Some people have understood the love for the self as selfishness. And because limiting all things to the narcissism and a chronic navel-gazing, they have fallen into the idolatry of the self. The egotists think the world boils down to them. On the contrary, the love for oneself that the Lord recommends is about not to hurt ourselves with evil. By not hurting oneself, man learns to value others and does nothing that could hurt them. Because we seek life for ourselves as a great treasure, we will also wish life to others. People who are ready to do all kinds of evils to others express through their actions their inner void, the absence of love from their heart.

Our world is the way it is today, simply because many people do not truly love themselves. And because they do not love themselves, they think it is others who do not love them. As consequence, they do all kinds of evil to harm others. In so doing, though they think to satisfy their deficiency of love, they instead dig a worse abyss of hatred and sinfulness. Love and only love can fill our deficit of love and the gulf of evil. Therefore, believe that you are loved just the way you are, and you will as well start loving others just the way they are.

As Christians, we have the mission to become good models. People by looking at us living must notice how good and how great is the love we have for God and the love the Lord has for us. Though we are sinners, love is what moves us onward. It is love that makes us turn from all kind of idolatry, especially, the idolatry of the self, to embrace and serve God through serving our brothers and sisters.

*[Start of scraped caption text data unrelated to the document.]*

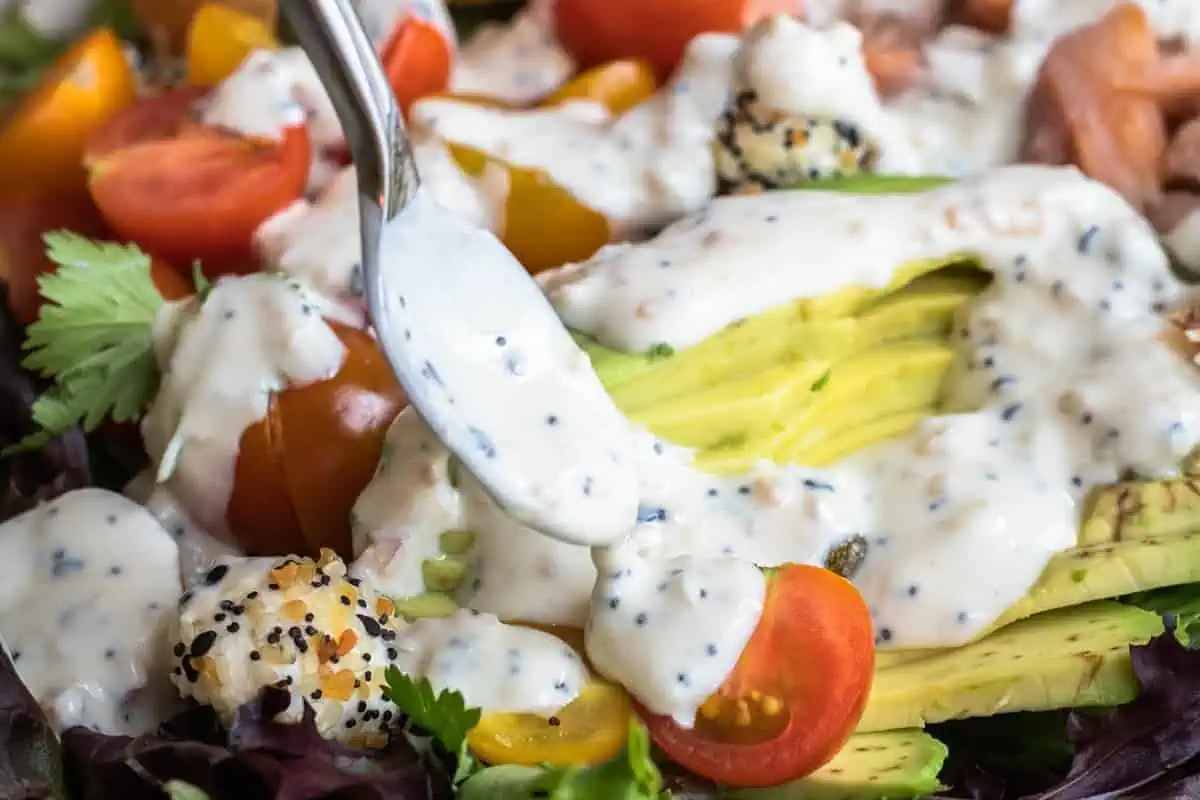 An everthing bagel salad.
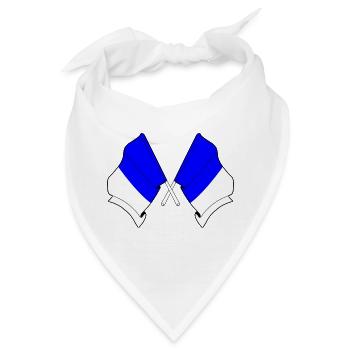 Spa Twin Flags - Bandana - Weiß - Vorne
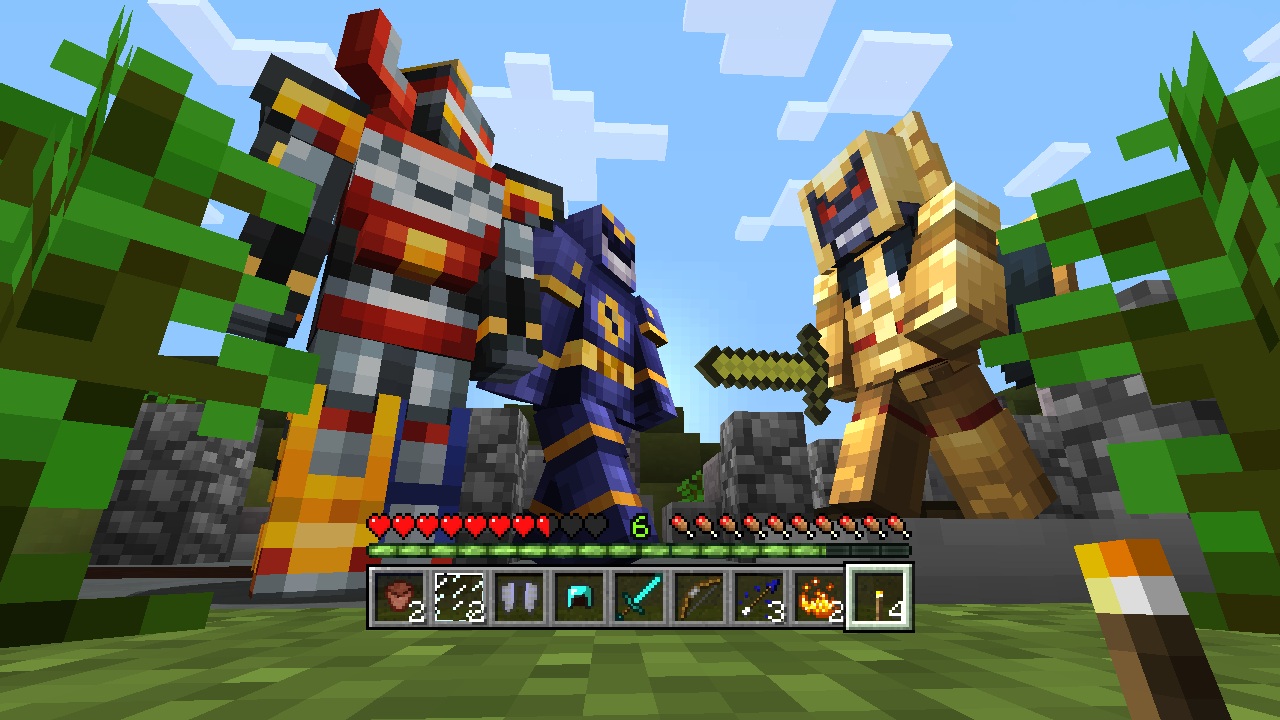Minecraft Power Rangers Skin Pack on PS3  Official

When we truly love, we come to realize that the Lord is our all, our strength, our fortress, our deliverer, our refuge. We said last Sunday that all were from God and belong to God. The counter side of this is that God is our all. He who loves is assured of God’s love and fears nothing. He who does not love dwells in his fears and is haunted by them. The hater fears anything and anyone and sees them as his potential enemies. Therefore, to defend himself from them, he has no other option than to hurt them. Love is the solution of all, hatred is the poison of one’s life. And let us conclude with these words of Mother Teresa inviting to the practicality of love, she said: “Poverty is not made by GOD, it is created by you and me when we don't share what we have.” Love others as you love yourself, share with others as you will like them to share with you. For, just as God loves the poor, so he loves those who care for the poor more.